Образ Штилле в моих глазах не смешон, а ужасен. Для скольких русских генералов он является образцом! Дух его господствовал и в старых русских военно-исторических журналах, и в старых русских военно-исторических обществах и кружках. Старый русский генерал на склоне лет являлся брюзгой по отношению к реальной жизни, писал мемуары или углублялся в историю в духе Штилле. История может быть не только могучим орудием для пробуждения и углубления нашего сознания, но и опиумом, вызывающим преждевременную его дряхлость, рвущим нити с настоящим, переносящим нас из мира реальностей в мир теней и похороненных интересов и идей, вызывающим антикварное отвращение к непоросшим мхом вопросам.
И особенную опасность представляет это извращение истории, когда оно облекается в роскошные литературные формы. Тацит всегда являлся образцом красноречия. Горе, если уроки военной истории будут представлять только уроки красноречия!

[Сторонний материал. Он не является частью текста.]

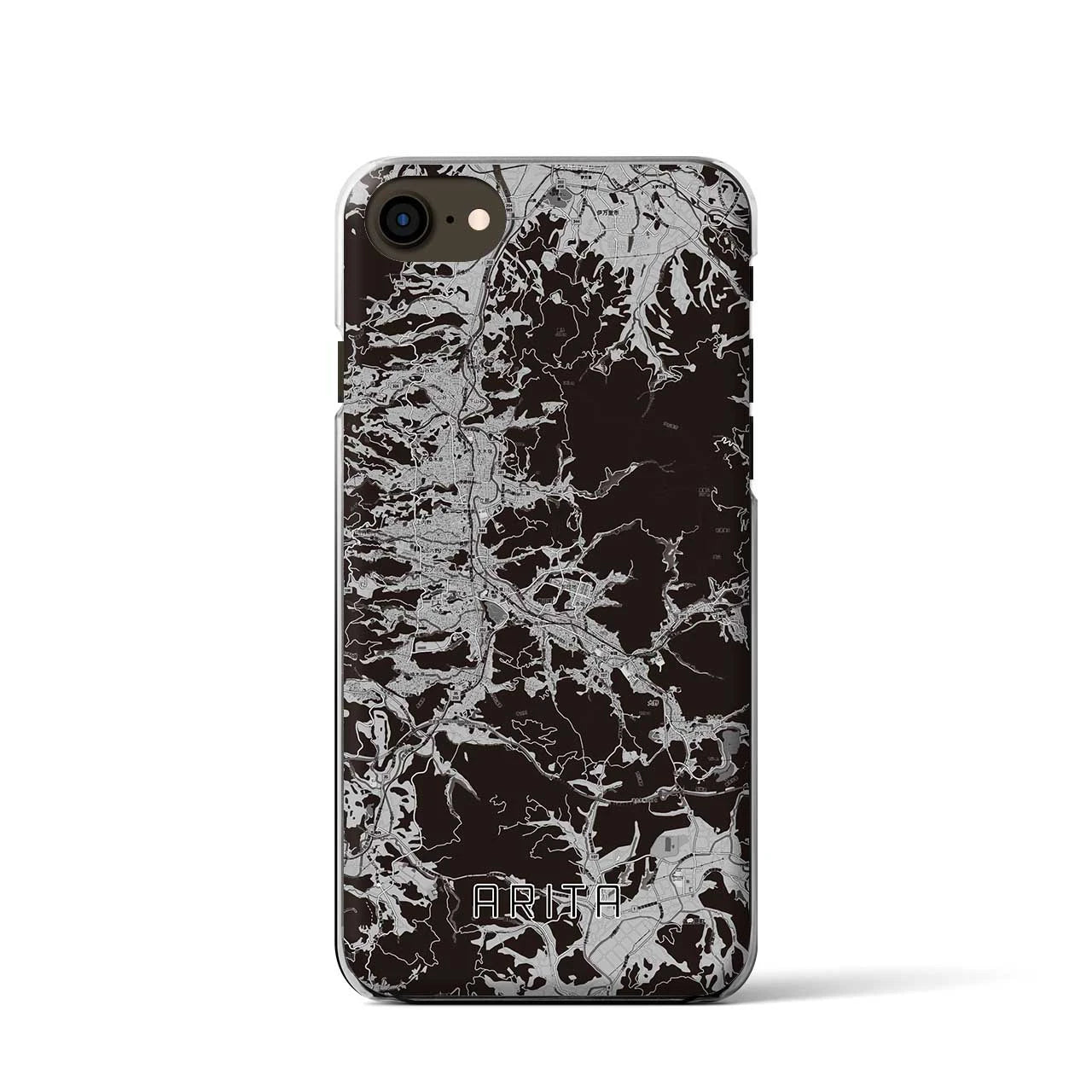 【有田(佐賀県)】地図柄iPhoneケース(クリアタイプ)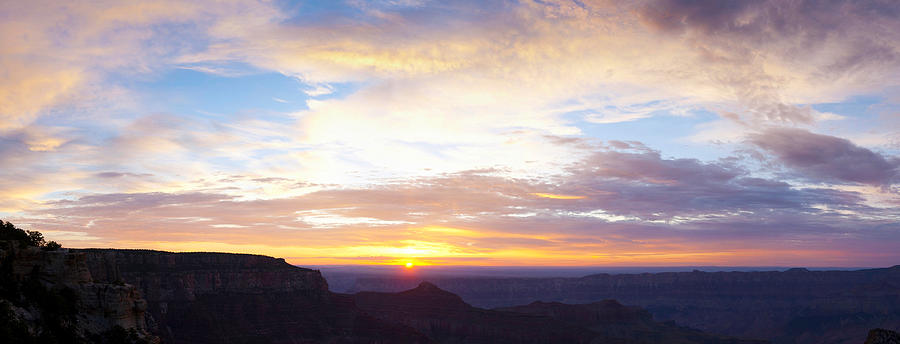 Grand Canyon National Park Photograph - Sunrise On The Colorado Plateau by Panoramic Images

Наличие этих уроков, ученых исследований и красноречия, не имеющих никакого отношения к современной действительности и не пытающихся внести что-либо новое в наше понимание военного искусства и предстоящих военных задач, эту позицию обывателя под зонтиком пытаются оправдать тем, что задача военного историка заключается в том, чтобы установить фактический ход событий и причинную между ними связь, а уже дело представителей других военных дисциплин использовать их труд по своему усмотрению и извлечь из него плоды. Почтенная спекуляция на урожай с бесплодной смоковницы! Область, в которой изолировалась ныне военно-историческая работа — объективное исследование причинной связи между военными событиями, производимое с военной точки зрения, — представляет ложное учение, отвергаемое ныне и марксистской, и буржуазной наукой. Если мы присоединяемся полностью к мнению Клаузевица, что война представляет продолжение политики, часть ее, то мы не можем настаивать на разумности проведения грани между политикой и военной историей. Как можно изучать военную историю особо, вне круга сложно переплетающихся политических интересов, политических сил и политических событий, если каждая военная операция, каждое боевое решение представляют реакцию на какое-то политическое воздействие? Какая цена “стратегическим” очеркам, игнорирующим сложный и глубокий ход политических событий войны? Что стоит надуманная военным историком причинная связь между военными событиями, если корни всех важнейших военных решений лежат вне досягаемости исследовательской деятельности военного историка, в той, частью глухой, а частью явной политической борьбе, которую представляет война в целом.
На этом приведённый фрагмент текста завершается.